_Task goal_. Write out again, word for word, the lines below from the line that holds "Pinch Pleated Linen" through the line that holds "Pink Tic Tac", omitting pictures.

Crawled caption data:
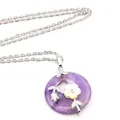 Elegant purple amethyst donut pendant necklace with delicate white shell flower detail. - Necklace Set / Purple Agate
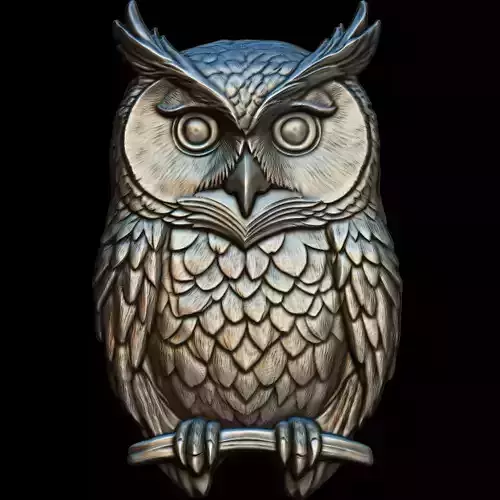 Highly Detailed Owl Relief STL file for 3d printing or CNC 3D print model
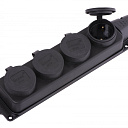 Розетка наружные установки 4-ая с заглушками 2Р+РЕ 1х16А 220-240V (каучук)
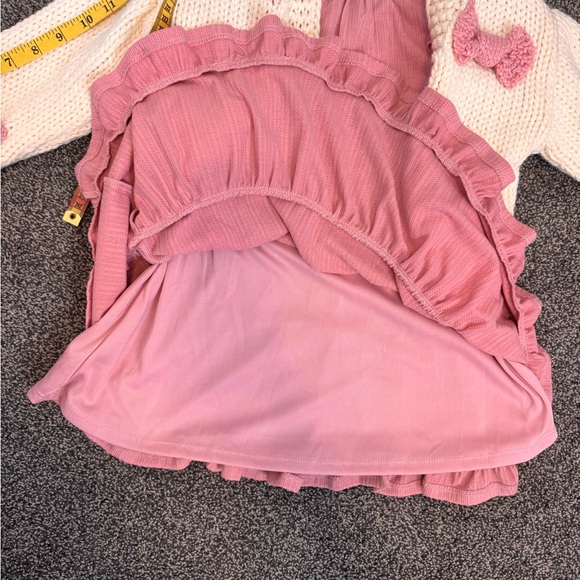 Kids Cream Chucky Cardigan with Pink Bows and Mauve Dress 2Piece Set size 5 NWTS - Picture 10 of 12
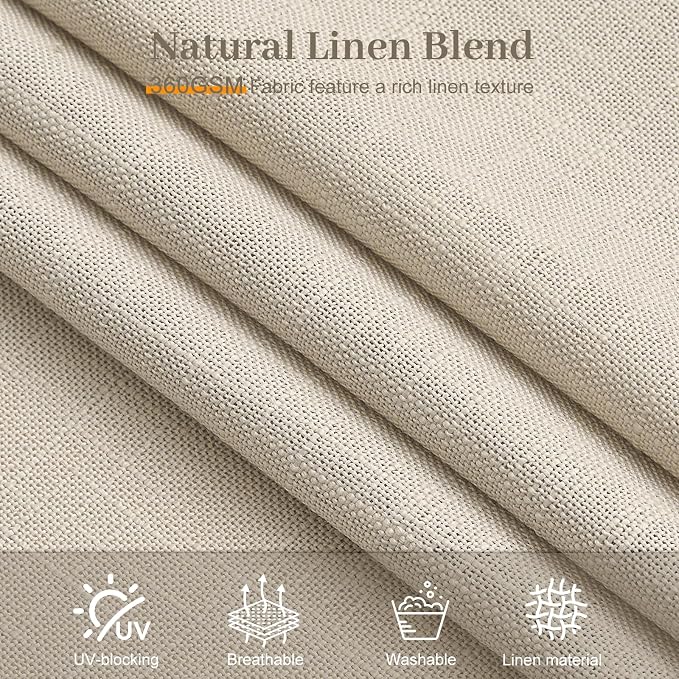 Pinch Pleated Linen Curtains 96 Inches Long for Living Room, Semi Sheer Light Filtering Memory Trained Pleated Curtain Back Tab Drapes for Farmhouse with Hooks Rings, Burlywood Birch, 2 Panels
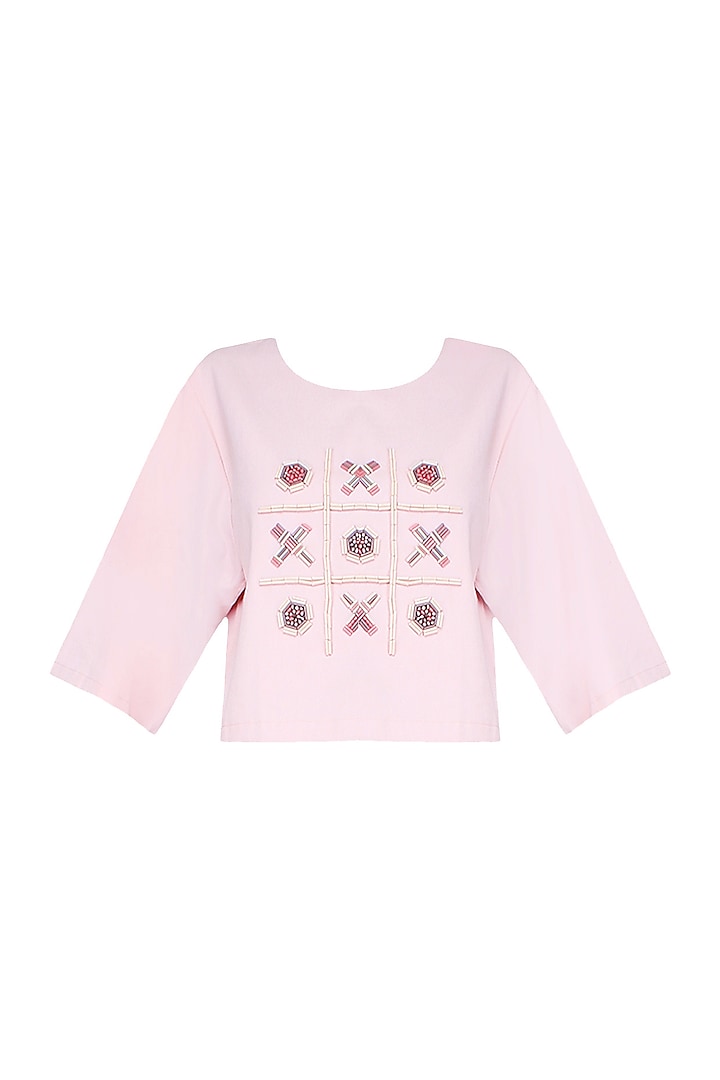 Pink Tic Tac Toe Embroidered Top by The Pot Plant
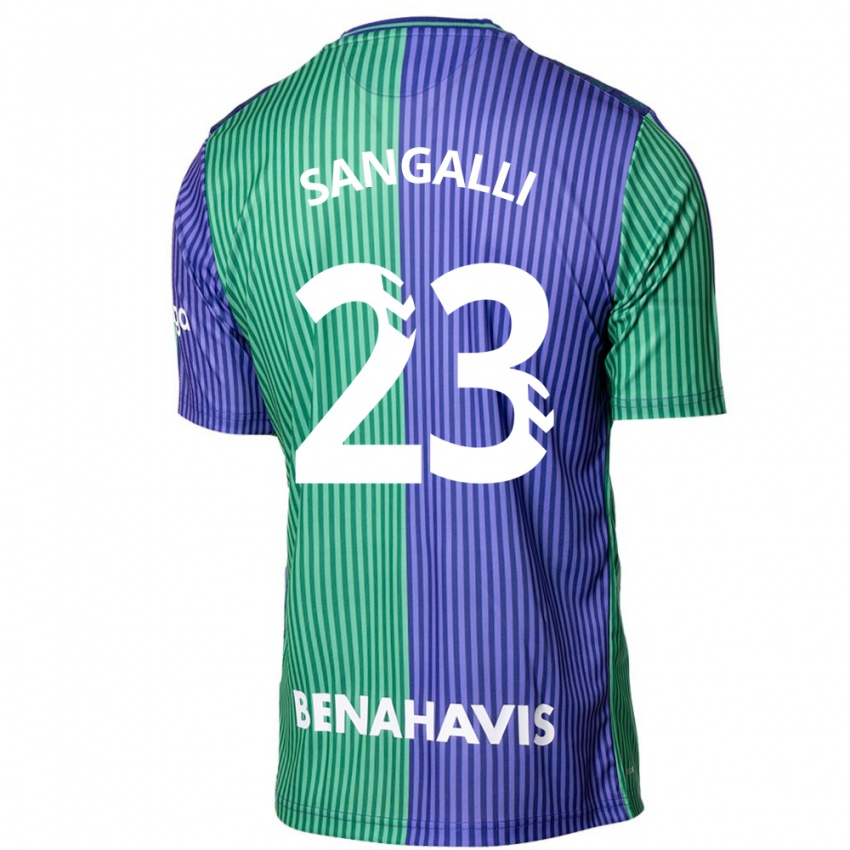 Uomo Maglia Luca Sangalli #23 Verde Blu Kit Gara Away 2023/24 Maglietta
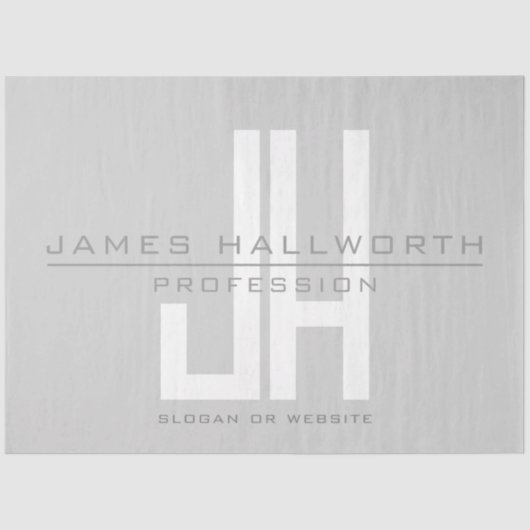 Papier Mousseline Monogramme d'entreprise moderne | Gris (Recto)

_Response for this exercise_.
 Pinch Pleated Linen Curtains 96 Inches Long for Living Room, Semi Sheer Light Filtering Memory Trained Pleated Curtain Back Tab Drapes for Farmhouse with Hooks Rings, Burlywood Birch, 2 Panels
 Pink Tic Tac Toe Embroidered Top by The Pot Plant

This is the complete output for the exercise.